:: Problem to work on ::
Every entry that follows should be written out again exactly.

(Items listed in a dataset)
═══
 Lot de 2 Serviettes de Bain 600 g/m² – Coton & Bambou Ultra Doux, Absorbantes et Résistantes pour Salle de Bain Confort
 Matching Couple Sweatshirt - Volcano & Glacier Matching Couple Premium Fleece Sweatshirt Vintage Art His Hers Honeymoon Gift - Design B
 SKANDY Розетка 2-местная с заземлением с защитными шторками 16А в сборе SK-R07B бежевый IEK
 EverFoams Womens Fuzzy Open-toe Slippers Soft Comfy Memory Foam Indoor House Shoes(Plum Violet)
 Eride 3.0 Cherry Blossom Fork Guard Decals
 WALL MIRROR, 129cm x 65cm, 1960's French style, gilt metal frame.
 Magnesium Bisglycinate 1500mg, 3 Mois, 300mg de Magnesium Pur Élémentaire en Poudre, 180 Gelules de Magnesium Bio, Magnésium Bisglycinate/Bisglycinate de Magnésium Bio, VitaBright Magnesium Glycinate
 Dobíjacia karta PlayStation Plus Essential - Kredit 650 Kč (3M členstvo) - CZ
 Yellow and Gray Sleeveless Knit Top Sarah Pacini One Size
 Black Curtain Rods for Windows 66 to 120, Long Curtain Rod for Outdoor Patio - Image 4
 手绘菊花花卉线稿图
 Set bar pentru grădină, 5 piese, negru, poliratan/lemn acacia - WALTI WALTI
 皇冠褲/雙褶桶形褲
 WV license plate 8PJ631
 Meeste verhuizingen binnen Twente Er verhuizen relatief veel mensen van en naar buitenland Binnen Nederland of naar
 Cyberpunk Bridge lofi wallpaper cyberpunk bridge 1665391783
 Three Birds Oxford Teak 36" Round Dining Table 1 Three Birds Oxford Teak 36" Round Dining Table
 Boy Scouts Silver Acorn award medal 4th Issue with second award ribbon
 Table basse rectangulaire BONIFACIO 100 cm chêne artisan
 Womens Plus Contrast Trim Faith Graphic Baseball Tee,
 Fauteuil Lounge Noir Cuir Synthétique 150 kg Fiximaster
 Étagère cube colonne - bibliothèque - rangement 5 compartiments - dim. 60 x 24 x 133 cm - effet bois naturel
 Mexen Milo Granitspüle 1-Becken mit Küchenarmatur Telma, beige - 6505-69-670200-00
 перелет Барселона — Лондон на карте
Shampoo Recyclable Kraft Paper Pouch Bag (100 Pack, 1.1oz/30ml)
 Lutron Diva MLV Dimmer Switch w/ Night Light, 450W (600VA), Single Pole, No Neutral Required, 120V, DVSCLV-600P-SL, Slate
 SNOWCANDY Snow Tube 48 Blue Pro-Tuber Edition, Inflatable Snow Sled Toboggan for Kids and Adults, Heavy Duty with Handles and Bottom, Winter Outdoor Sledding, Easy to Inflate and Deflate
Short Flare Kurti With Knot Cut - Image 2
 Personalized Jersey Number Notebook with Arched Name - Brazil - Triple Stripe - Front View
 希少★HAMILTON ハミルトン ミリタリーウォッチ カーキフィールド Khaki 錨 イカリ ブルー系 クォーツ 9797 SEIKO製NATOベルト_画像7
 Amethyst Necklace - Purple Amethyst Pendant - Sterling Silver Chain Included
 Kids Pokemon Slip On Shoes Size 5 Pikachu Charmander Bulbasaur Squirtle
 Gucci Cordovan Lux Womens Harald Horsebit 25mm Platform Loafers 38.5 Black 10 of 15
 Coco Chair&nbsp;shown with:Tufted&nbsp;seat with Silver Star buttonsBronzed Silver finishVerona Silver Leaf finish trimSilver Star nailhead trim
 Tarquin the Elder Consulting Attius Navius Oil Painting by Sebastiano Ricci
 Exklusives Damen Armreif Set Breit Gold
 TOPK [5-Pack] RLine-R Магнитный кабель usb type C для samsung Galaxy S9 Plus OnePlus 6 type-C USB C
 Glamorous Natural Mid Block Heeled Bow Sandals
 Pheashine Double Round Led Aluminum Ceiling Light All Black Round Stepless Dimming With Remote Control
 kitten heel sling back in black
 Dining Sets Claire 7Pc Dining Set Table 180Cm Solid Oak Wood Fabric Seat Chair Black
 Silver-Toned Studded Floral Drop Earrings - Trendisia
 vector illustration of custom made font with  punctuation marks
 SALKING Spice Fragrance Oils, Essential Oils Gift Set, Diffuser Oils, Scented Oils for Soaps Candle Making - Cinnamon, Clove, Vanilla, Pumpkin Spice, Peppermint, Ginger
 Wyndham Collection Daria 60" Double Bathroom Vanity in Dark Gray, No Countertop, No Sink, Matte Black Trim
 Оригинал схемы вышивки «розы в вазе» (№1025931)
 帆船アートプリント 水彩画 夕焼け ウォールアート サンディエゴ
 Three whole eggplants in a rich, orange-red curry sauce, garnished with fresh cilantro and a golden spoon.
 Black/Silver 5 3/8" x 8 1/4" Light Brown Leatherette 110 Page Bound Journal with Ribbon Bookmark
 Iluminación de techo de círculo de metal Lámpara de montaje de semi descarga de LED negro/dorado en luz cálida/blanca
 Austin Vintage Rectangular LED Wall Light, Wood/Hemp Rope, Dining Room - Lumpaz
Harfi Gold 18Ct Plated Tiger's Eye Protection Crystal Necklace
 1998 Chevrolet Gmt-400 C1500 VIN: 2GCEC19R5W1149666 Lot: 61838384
═══
:: Answer to this problem ::
 Lot de 2 Serviettes de Bain 600 g/m² – Coton & Bambou Ultra Doux, Absorbantes et Résistantes pour Salle de Bain Confort
 Matching Couple Sweatshirt - Volcano & Glacier Matching Couple Premium Fleece Sweatshirt Vintage Art His Hers Honeymoon Gift - Design B
 SKANDY Розетка 2-местная с заземлением с защитными шторками 16А в сборе SK-R07B бежевый IEK
 EverFoams Womens Fuzzy Open-toe Slippers Soft Comfy Memory Foam Indoor House Shoes(Plum Violet)
 Eride 3.0 Cherry Blossom Fork Guard Decals
 WALL MIRROR, 129cm x 65cm, 1960's French style, gilt metal frame.
 Magnesium Bisglycinate 1500mg, 3 Mois, 300mg de Magnesium Pur Élémentaire en Poudre, 180 Gelules de Magnesium Bio, Magnésium Bisglycinate/Bisglycinate de Magnésium Bio, VitaBright Magnesium Glycinate
 Dobíjacia karta PlayStation Plus Essential - Kredit 650 Kč (3M členstvo) - CZ
 Yellow and Gray Sleeveless Knit Top Sarah Pacini One Size
 Black Curtain Rods for Windows 66 to 120, Long Curtain Rod for Outdoor Patio - Image 4
 手绘菊花花卉线稿图
 Set bar pentru grădină, 5 piese, negru, poliratan/lemn acacia - WALTI WALTI
 皇冠褲/雙褶桶形褲
 WV license plate 8PJ631
 Meeste verhuizingen binnen Twente Er verhuizen relatief veel mensen van en naar buitenland Binnen Nederland of naar
 Cyberpunk Bridge lofi wallpaper cyberpunk bridge 1665391783
 Three Birds Oxford Teak 36" Round Dining Table 1 Three Birds Oxford Teak 36" Round Dining Table
 Boy Scouts Silver Acorn award medal 4th Issue with second award ribbon
 Table basse rectangulaire BONIFACIO 100 cm chêne artisan
 Womens Plus Contrast Trim Faith Graphic Baseball Tee,
 Fauteuil Lounge Noir Cuir Synthétique 150 kg Fiximaster
 Étagère cube colonne - bibliothèque - rangement 5 compartiments - dim. 60 x 24 x 133 cm - effet bois naturel
 Mexen Milo Granitspüle 1-Becken mit Küchenarmatur Telma, beige - 6505-69-670200-00
 перелет Барселона — Лондон на карте
Shampoo Recyclable Kraft Paper Pouch Bag (100 Pack, 1.1oz/30ml)
 Lutron Diva MLV Dimmer Switch w/ Night Light, 450W (600VA), Single Pole, No Neutral Required, 120V, DVSCLV-600P-SL, Slate
 SNOWCANDY Snow Tube 48 Blue Pro-Tuber Edition, Inflatable Snow Sled Toboggan for Kids and Adults, Heavy Duty with Handles and Bottom, Winter Outdoor Sledding, Easy to Inflate and Deflate
Short Flare Kurti With Knot Cut - Image 2
 Personalized Jersey Number Notebook with Arched Name - Brazil - Triple Stripe - Front View
 希少★HAMILTON ハミルトン ミリタリーウォッチ カーキフィールド Khaki 錨 イカリ ブルー系 クォーツ 9797 SEIKO製NATOベルト_画像7
 Amethyst Necklace - Purple Amethyst Pendant - Sterling Silver Chain Included
 Kids Pokemon Slip On Shoes Size 5 Pikachu Charmander Bulbasaur Squirtle
 Gucci Cordovan Lux Womens Harald Horsebit 25mm Platform Loafers 38.5 Black 10 of 15
 Coco Chair&nbsp;shown with:Tufted&nbsp;seat with Silver Star buttonsBronzed Silver finishVerona Silver Leaf finish trimSilver Star nailhead trim
 Tarquin the Elder Consulting Attius Navius Oil Painting by Sebastiano Ricci
 Exklusives Damen Armreif Set Breit Gold
 TOPK [5-Pack] RLine-R Магнитный кабель usb type C для samsung Galaxy S9 Plus OnePlus 6 type-C USB C
 Glamorous Natural Mid Block Heeled Bow Sandals
 Pheashine Double Round Led Aluminum Ceiling Light All Black Round Stepless Dimming With Remote Control
 kitten heel sling back in black
 Dining Sets Claire 7Pc Dining Set Table 180Cm Solid Oak Wood Fabric Seat Chair Black
 Silver-Toned Studded Floral Drop Earrings - Trendisia
 vector illustration of custom made font with  punctuation marks
 SALKING Spice Fragrance Oils, Essential Oils Gift Set, Diffuser Oils, Scented Oils for Soaps Candle Making - Cinnamon, Clove, Vanilla, Pumpkin Spice, Peppermint, Ginger
 Wyndham Collection Daria 60" Double Bathroom Vanity in Dark Gray, No Countertop, No Sink, Matte Black Trim
 Оригинал схемы вышивки «розы в вазе» (№1025931)
 帆船アートプリント 水彩画 夕焼け ウォールアート サンディエゴ
 Three whole eggplants in a rich, orange-red curry sauce, garnished with fresh cilantro and a golden spoon.
 Black/Silver 5 3/8" x 8 1/4" Light Brown Leatherette 110 Page Bound Journal with Ribbon Bookmark
 Iluminación de techo de círculo de metal Lámpara de montaje de semi descarga de LED negro/dorado en luz cálida/blanca
 Austin Vintage Rectangular LED Wall Light, Wood/Hemp Rope, Dining Room - Lumpaz
Harfi Gold 18Ct Plated Tiger's Eye Protection Crystal Necklace
 1998 Chevrolet Gmt-400 C1500 VIN: 2GCEC19R5W1149666 Lot: 61838384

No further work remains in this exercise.